Selanik’te Bize Benzetecek Çok Şey Var

Ataturk-Evi

Türk insanı olarak her gittiğimiz yerde benzetme sanatımızı konuştururuz. Oturduğumuz masadaki küçük bir detay, bir ağaç yaprağı ya da sıradan bir ev eşyası ile yakınlık kurar kendimizden bir parçayla eşleştirerek canlandırırız. Ya geçmişe gideriz ya da yaşadığımız günle bağlantı kurarak daha yakın hissettirmeye çalışırız kendimizi.

Benleştirme, kendi düzenine yaklaştırma amacıyla yapılan bu duygusal hareket yurtdışı seyahatlerinde daha da çok ortaya çıkar. Gidilen bir kentin her noktası geldiğimiz yerin bir parçasına benzetilerek şaşırma ve gülümseme ifadeleriyle donatılarak bizden biri olur bir anda…

Selanik tüm bu benzetme sanatlarına fazlaca malzeme veren bir şehir. Atatürk’ün doğdu kent olmasının yanında Nazım Hikmet’in de memleketi.

Sahil şeridi ve denize olan konumuyla İzmir’in bir kopyası, Osmanlı Dönemi’nde Osmanlı’nın İstanbul’dan sonra ikinci büyük kenti olan şehir, bugün Yunanistan başkenti Atina’dan sonra Yunanistan’ın ikinci büyük, Yunanistan Makedonyası’nın ise en büyüğü…

Ulaşım çok kolay

Çoğumuzun zihninde ulaşılması çok zormuş gibi canlandırılan Selanik’e İstanbul’dan uçakla 50 dakikada, özel araçla 6, trenle ise 12 saatte varılabiliyor. Türkiye içinde seyahat edilebilecek birçok noktadan daha kısa sürede ulaşabilen Selanik tıpkı Türkiye’deki gibi hissettiriyor insana. Özellikle Ege’den, İzmir’den gelenler, mübadele ya da geçmişte Yunanistan ile bağları olanlar için duygu ağırlığı yaratıyor…

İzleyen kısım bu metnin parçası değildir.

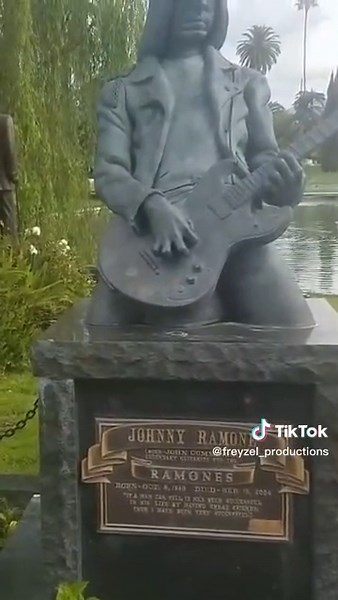 Johnny Ramone Grave Visit at Hollywood Forever Cemetery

Büyük İskender ve babası Kral Filip’e kadar uzanan tarihi yolculuğunda tarihe geçmiş birçok ismin doğum yeri olarak kayıtlara geçmiş Selanik. Salih Omurtak, Refet Bele, Afet İnan, Ahmet Emin Yalman gibi isimler de Selanik’te dünyaya gelmiş.

Osmanlı Devleti’nin hakimiyeti altına girdikten sonra Selanik (Thessaloniki) devrin yeniliklerinin de oluştuğu en önemli merkezlerden birine dönüşmüş.

Osmanlı’yı yıkılmaya götüren Jön Türk hareketi de bilindiği üzere Selanik merkezli.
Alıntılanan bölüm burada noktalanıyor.